Social Sites Retain Photos After Being Deleted By Users
Even after being deleted, user photographs remain on several social networking sites, Cambridge University researchers announced.
The researchers placed photos on 16 sites and then deleted them. The team found them on seven of the sites, counting Facebook, by using the direct addresses of the pictures.
Facebook insists that the deleted photos are taken off its servers immediately.
The Cambridge University researchers noted that Flickr and Google’s Picasa, and Microsoft’s Windows Live Spaces deleted the photos immediately.
To carry out the experiment, the researchers wrote down the direct URLs to the photos recorded from the content delivery networks. When reviewed 30 days after the pictures were removed, these links were still operational even though users believe the photos were, in fact, gone.
Joseph Bonneau, one of the students involved with the study, said: “This demonstrates how social networking sites often take a lazy approach to user privacy, doing what’s simpler rather than what is correct.

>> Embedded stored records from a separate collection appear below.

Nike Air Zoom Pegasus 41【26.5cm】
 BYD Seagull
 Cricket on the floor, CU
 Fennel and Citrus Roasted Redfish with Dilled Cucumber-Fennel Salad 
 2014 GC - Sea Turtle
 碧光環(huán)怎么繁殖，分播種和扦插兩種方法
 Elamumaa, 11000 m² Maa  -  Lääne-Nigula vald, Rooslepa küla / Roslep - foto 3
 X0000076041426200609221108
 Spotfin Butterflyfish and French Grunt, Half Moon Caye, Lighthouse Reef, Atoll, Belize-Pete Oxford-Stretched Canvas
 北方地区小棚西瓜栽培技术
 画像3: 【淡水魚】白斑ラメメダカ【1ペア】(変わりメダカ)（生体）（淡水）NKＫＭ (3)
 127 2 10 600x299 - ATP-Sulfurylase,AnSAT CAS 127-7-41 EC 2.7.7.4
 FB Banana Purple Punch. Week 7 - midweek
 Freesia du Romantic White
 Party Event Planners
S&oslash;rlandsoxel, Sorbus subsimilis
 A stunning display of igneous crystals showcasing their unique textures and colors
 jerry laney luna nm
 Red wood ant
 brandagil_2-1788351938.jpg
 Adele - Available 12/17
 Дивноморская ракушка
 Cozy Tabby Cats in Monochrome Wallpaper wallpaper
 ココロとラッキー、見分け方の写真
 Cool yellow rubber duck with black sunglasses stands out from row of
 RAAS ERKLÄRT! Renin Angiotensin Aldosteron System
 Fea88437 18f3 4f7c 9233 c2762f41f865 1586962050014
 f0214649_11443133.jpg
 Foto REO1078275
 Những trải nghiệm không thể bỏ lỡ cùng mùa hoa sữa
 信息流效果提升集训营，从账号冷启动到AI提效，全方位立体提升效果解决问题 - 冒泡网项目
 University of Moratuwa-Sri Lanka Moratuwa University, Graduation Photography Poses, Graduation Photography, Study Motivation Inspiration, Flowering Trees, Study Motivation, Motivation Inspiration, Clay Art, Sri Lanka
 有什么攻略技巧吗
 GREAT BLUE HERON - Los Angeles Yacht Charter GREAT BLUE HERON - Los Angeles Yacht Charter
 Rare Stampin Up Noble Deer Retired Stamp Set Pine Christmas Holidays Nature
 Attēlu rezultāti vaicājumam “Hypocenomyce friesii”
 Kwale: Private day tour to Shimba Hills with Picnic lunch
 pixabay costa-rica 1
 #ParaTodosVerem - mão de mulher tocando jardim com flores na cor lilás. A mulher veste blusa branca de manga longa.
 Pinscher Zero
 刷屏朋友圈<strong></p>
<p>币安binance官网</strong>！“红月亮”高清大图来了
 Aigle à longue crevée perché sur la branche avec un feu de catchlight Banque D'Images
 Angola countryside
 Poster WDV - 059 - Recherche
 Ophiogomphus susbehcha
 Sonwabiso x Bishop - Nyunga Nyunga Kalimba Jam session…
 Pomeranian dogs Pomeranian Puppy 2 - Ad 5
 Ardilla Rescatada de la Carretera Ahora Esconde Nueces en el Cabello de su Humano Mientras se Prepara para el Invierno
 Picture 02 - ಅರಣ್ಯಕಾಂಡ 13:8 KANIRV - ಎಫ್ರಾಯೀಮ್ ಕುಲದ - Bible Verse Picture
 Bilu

It’s imperative to view privacy as a design constraint, not a legal add-on.”
However, a Facebook spokesman backed the company’s policy stating; “When a user deletes a photograph from Facebook it is removed from our servers immediately. However, URLs to photographs may continue to exist on the Content Delivery Network (CDN) after users delete them from Facebook, until they are overwritten.”
“Overwriting usually happens after a short period of time.”